Saved data entries:
──────

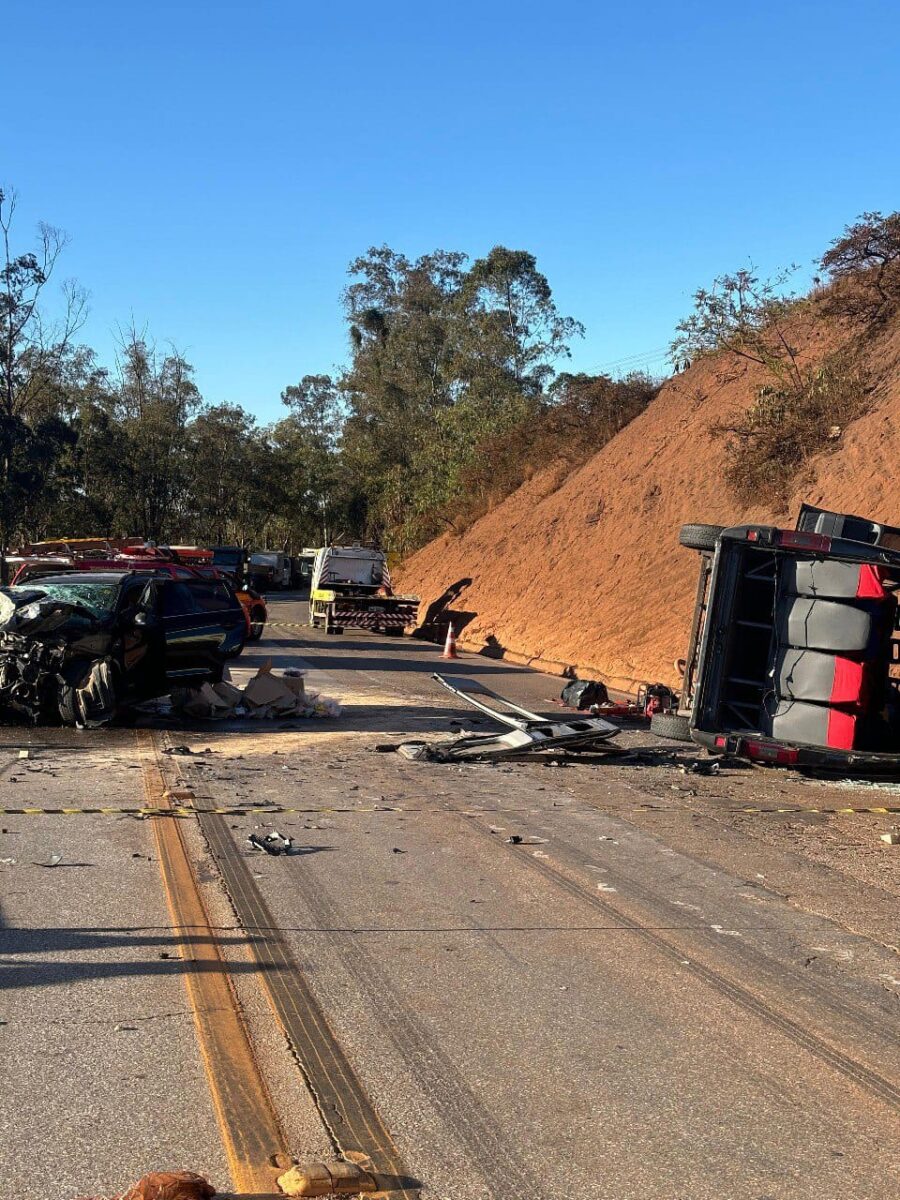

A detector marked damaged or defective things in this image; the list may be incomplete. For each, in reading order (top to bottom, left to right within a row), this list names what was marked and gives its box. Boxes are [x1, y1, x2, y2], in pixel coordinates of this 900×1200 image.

crashed black car [0, 568, 246, 728]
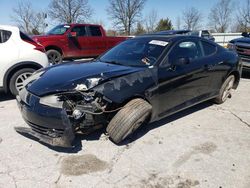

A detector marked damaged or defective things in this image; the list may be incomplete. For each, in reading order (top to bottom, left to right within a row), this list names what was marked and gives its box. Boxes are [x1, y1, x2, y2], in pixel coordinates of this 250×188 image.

cracked bumper [15, 92, 75, 148]
damaged front end [16, 84, 115, 148]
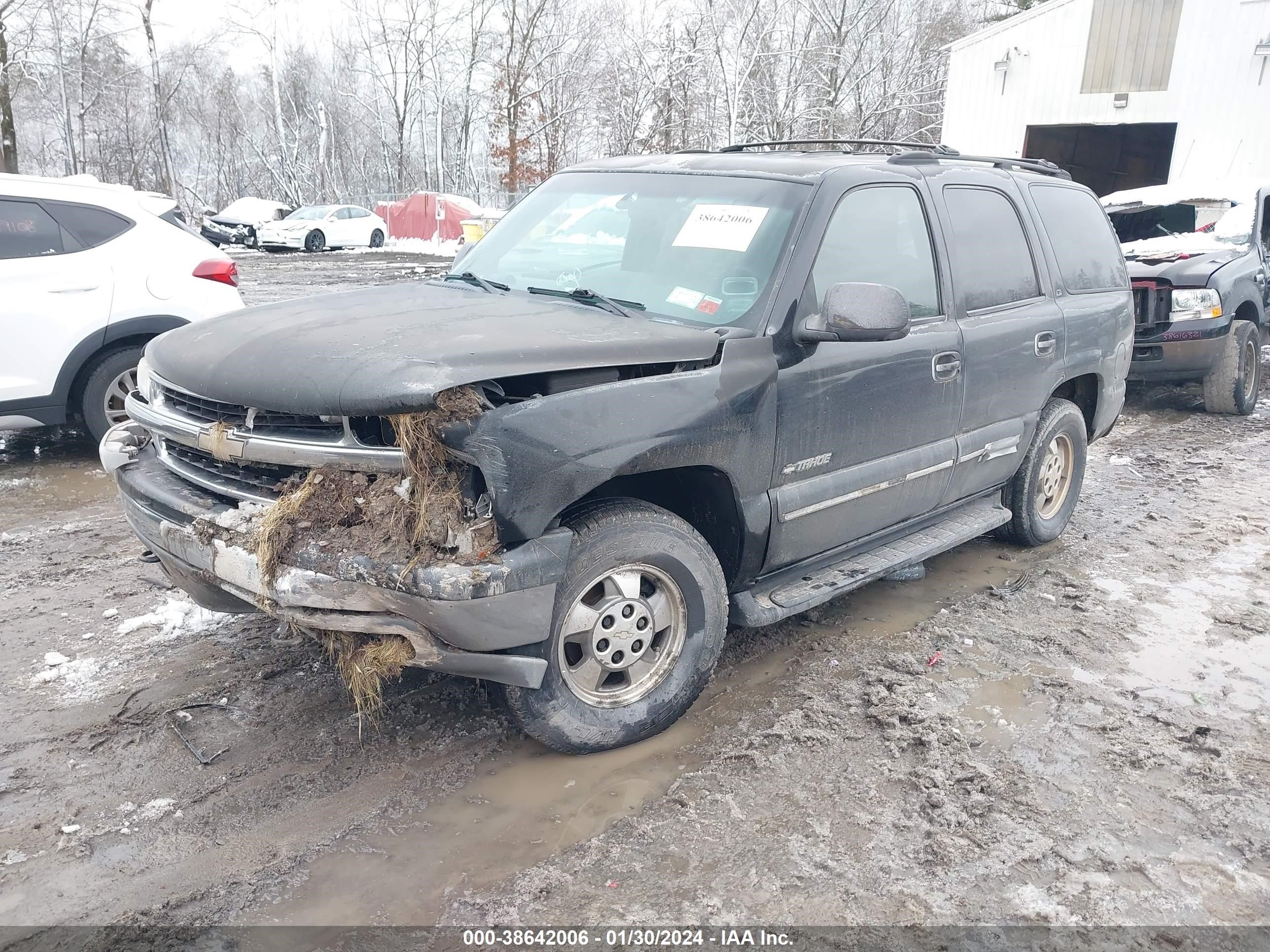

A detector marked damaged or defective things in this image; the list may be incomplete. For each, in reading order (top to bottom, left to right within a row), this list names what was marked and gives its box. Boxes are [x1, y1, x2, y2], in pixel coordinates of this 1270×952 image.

crumpled front bumper [102, 424, 568, 686]
damaged chevrolet tahoe [99, 144, 1128, 753]
damaged sedan [102, 144, 1128, 753]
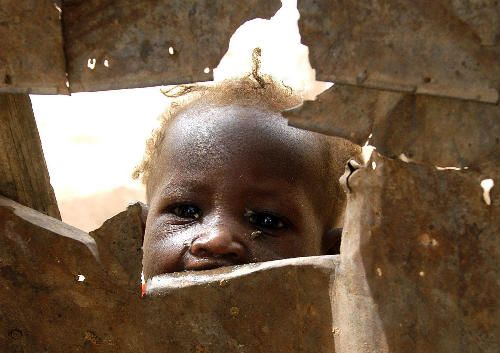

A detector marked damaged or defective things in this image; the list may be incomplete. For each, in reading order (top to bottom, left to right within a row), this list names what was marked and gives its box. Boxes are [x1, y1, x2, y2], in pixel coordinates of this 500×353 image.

torn metal sheet [0, 0, 67, 94]
torn metal sheet [62, 0, 282, 92]
torn metal sheet [298, 0, 498, 102]
torn metal sheet [0, 93, 61, 220]
torn metal sheet [286, 84, 500, 169]
torn metal sheet [0, 199, 336, 350]
torn metal sheet [334, 153, 498, 352]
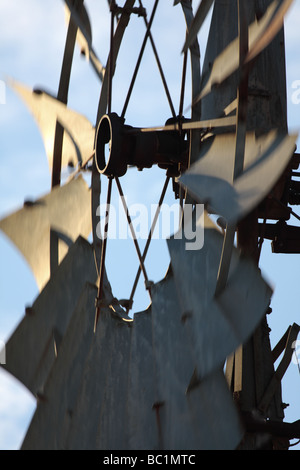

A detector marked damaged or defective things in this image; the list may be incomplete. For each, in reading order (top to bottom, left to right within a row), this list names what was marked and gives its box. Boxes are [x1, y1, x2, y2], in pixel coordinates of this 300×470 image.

rusty metal blade [63, 0, 105, 80]
rusty metal blade [182, 0, 214, 52]
rusty metal blade [197, 0, 290, 103]
rusty metal blade [9, 81, 95, 173]
rusty metal blade [179, 129, 296, 223]
rusty metal blade [0, 174, 92, 288]
rusty metal blade [1, 239, 98, 396]
rusty metal blade [21, 280, 98, 450]
rusty metal blade [168, 211, 274, 380]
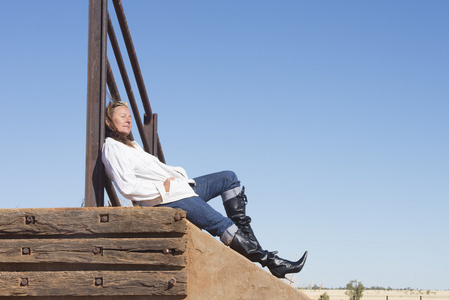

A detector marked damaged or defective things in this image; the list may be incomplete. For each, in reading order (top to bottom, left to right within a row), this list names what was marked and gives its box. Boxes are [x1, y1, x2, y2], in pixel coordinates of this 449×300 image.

rusty metal beam [84, 0, 108, 206]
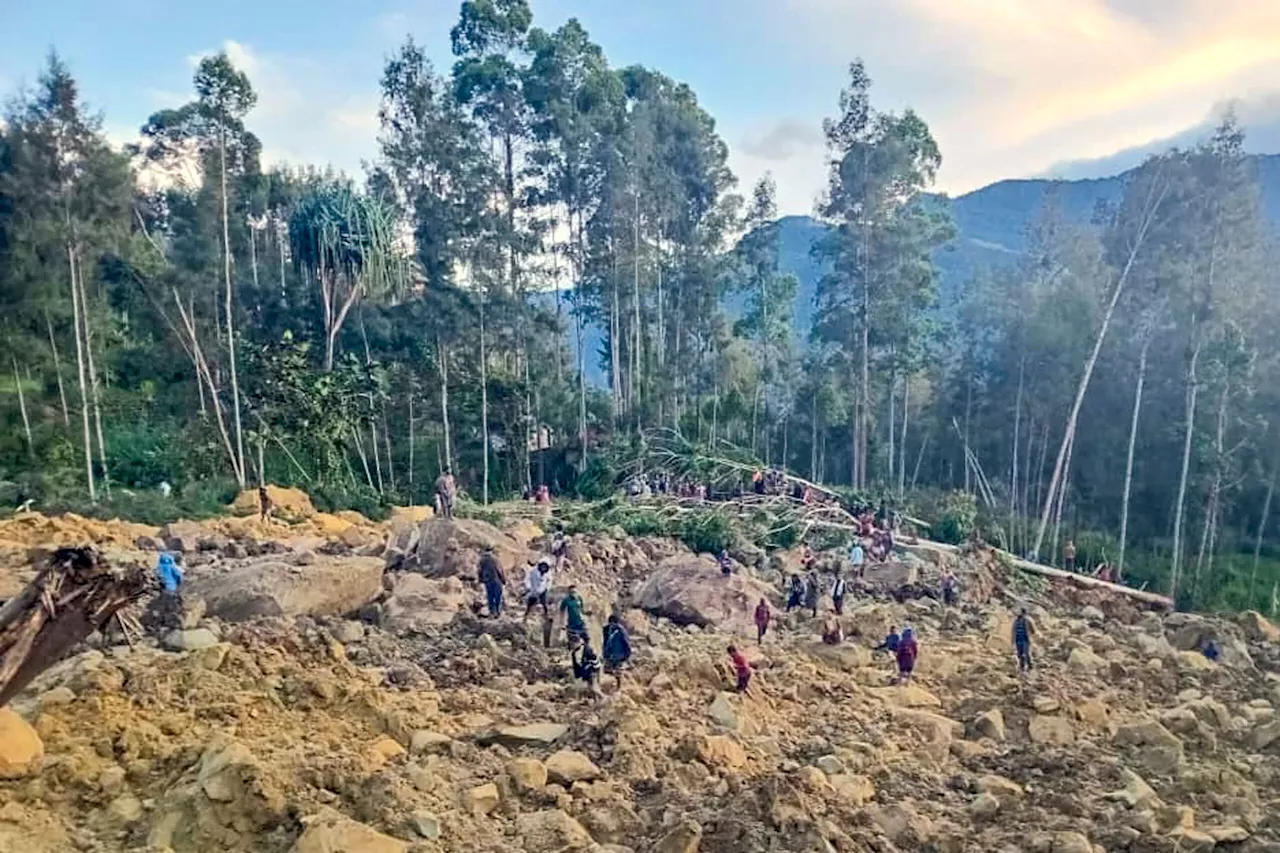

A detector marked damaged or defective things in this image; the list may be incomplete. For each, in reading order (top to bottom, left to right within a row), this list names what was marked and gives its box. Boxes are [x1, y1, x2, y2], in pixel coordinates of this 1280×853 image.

broken timber [0, 544, 151, 704]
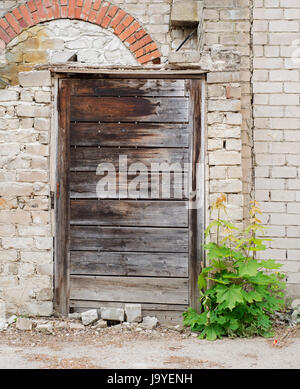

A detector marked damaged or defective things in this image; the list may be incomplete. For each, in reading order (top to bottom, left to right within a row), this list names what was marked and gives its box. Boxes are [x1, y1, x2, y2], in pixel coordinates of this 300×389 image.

broken concrete block [170, 0, 203, 26]
broken concrete block [101, 306, 124, 322]
broken concrete block [125, 302, 142, 322]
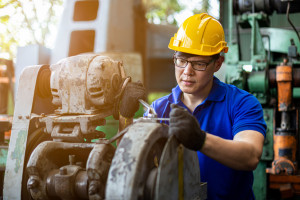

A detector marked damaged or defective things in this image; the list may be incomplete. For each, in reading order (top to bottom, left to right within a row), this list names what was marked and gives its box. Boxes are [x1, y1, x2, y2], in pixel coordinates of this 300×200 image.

peeling paint [11, 130, 27, 173]
rusted metal surface [3, 64, 47, 200]
corroded metal part [50, 54, 124, 115]
rusty machine [2, 54, 206, 199]
corroded metal part [105, 121, 168, 199]
rusty machine [226, 0, 300, 199]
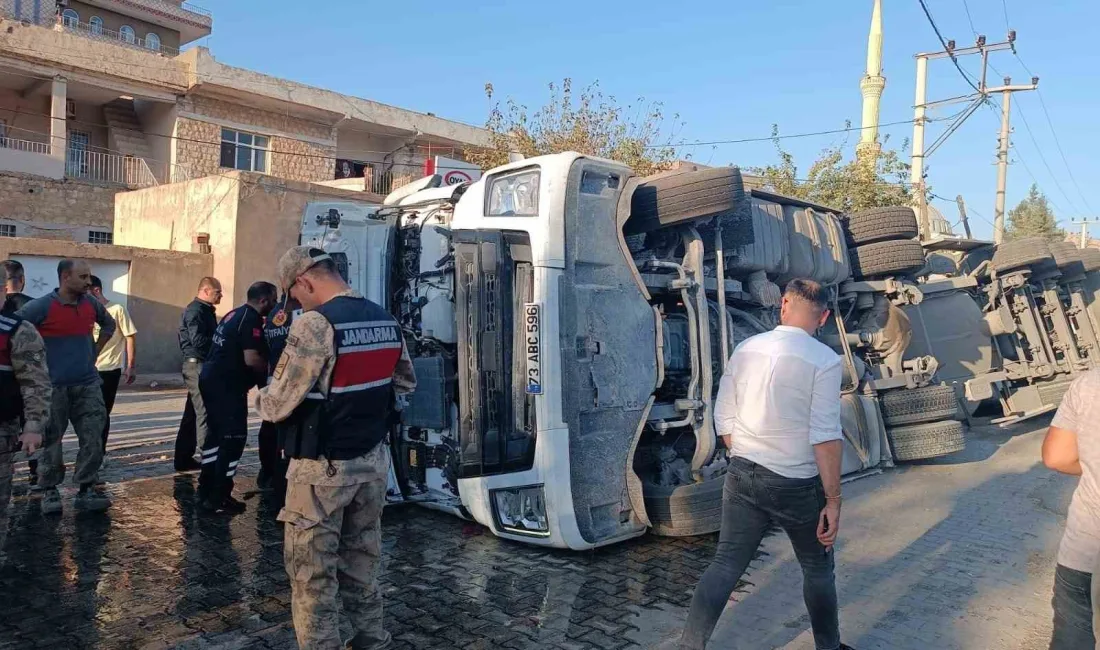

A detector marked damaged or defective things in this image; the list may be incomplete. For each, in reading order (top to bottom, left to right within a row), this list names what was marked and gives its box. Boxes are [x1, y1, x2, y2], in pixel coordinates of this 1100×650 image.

overturned white truck [299, 152, 963, 549]
second overturned truck [301, 152, 972, 549]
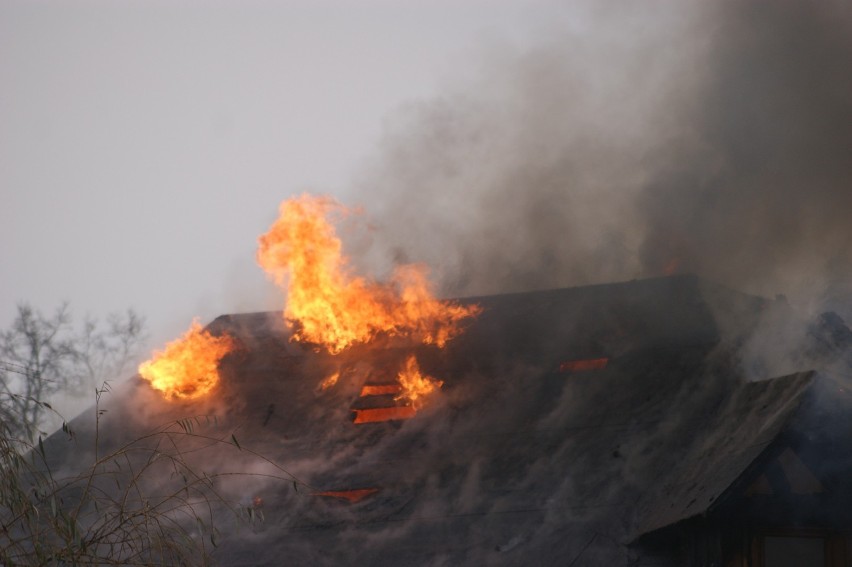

──────

Assignment: Set down the records precisely as they appear. Any picture stays out.

Result of the exercise:
A detector marked damaged or defective things in this image; the list may be incomplete. For each, in reading order (top to bottom, left to right within a row), this list names what was marked and gives its box. Boxes are [x1, y1, x2, y2], in pixel coordinates of this 900×1200 image.

crashed black car [0, 568, 246, 728]

A detector marked damaged or defective things in this image; the list may be incomplete. For each, in reading order (top to bottom, left to right within a row), this list names what was marked and gives its box. Boxes are [x1, y1, x2, y2], in pixel coordinates of this 250×188 image.

cracked bumper [15, 92, 75, 148]
damaged front end [16, 84, 115, 148]

A detector marked damaged or defective things in this image; the list may be incomplete. For each, in reading order (top to bottom, left to right within a row), this list names what was marked and gives its box. Boxes are [x1, y1, x2, y2], in pixel coordinates of this 1270×952 image.

crumpled front bumper [102, 424, 568, 686]
damaged chevrolet tahoe [99, 144, 1128, 753]
damaged sedan [102, 144, 1128, 753]

A detector marked damaged or defective things in this image; the list may be incomplete. For each, in reading order (top to bottom, left to right within a row), this list names what was marked and gives its box. Boxes are [x1, y1, x2, y2], in pixel coordinates of this 500×353 image.

torn metal sheet [0, 0, 67, 94]
torn metal sheet [62, 0, 282, 92]
torn metal sheet [298, 0, 498, 102]
torn metal sheet [0, 93, 61, 220]
torn metal sheet [286, 84, 500, 169]
torn metal sheet [0, 199, 336, 350]
torn metal sheet [334, 153, 498, 352]

A detector marked damaged or defective things in this image; the list may be incomplete. For each, in reading order (top to bottom, left to right within a row), this list names what was marked and gives its box. Boxes are [x1, y1, x2, y2], in pixel coordinates of this 300×470 image.

rusty metal blade [63, 0, 105, 80]
rusty metal blade [182, 0, 214, 52]
rusty metal blade [197, 0, 290, 103]
rusty metal blade [9, 81, 95, 173]
rusty metal blade [179, 129, 296, 223]
rusty metal blade [0, 174, 92, 288]
rusty metal blade [1, 239, 98, 396]
rusty metal blade [21, 280, 98, 450]
rusty metal blade [168, 211, 274, 380]

A detector marked damaged or defective things in this image; the list may be incomplete. For each, in reading order (top to bottom, left to right within a row), this list names what was marked and gives its box. Boxes are [x1, y1, x2, y2], in pixel coordinates of this 449×300 image.

rusty metal beam [84, 0, 108, 206]

A detector marked damaged or defective things in this image; the list may be incomplete. For each, in reading order (top to bottom, left to right within a row), this list names what was marked and gives its box. Boxes are [x1, y1, x2, y2], in pixel coordinates of this 1280×853 image.

broken timber [0, 544, 151, 704]

A detector marked damaged or defective things in this image; the list may be incomplete. For each, in reading order (top to bottom, left to right within a row), this list names what was marked and gives its box. Boxes are [x1, y1, x2, y2], in pixel coordinates of this 300×389 image.

broken concrete block [170, 0, 203, 26]
broken concrete block [101, 306, 124, 322]
broken concrete block [125, 302, 142, 322]

A detector marked damaged or defective things in this image; the list may be incomplete. For each, in reading order (top to bottom, left to right within a row), this list names what was marked and gives its box. Boxes are [x1, y1, x2, y2], in pixel coordinates of this 300×200 image.

peeling paint [11, 130, 27, 173]
rusted metal surface [3, 64, 47, 200]
corroded metal part [50, 54, 124, 115]
rusty machine [2, 54, 206, 199]
corroded metal part [105, 121, 168, 199]
rusty machine [226, 0, 300, 199]

A detector marked damaged or defective things in this image; the list may be incomplete. For each, in reading order (top to bottom, left to right within a row), this list names what was marked and gives its box. Boxes are [x1, y1, x2, y2], in pixel coordinates of this 1100×650 image.

overturned white truck [299, 152, 963, 549]
second overturned truck [301, 152, 972, 549]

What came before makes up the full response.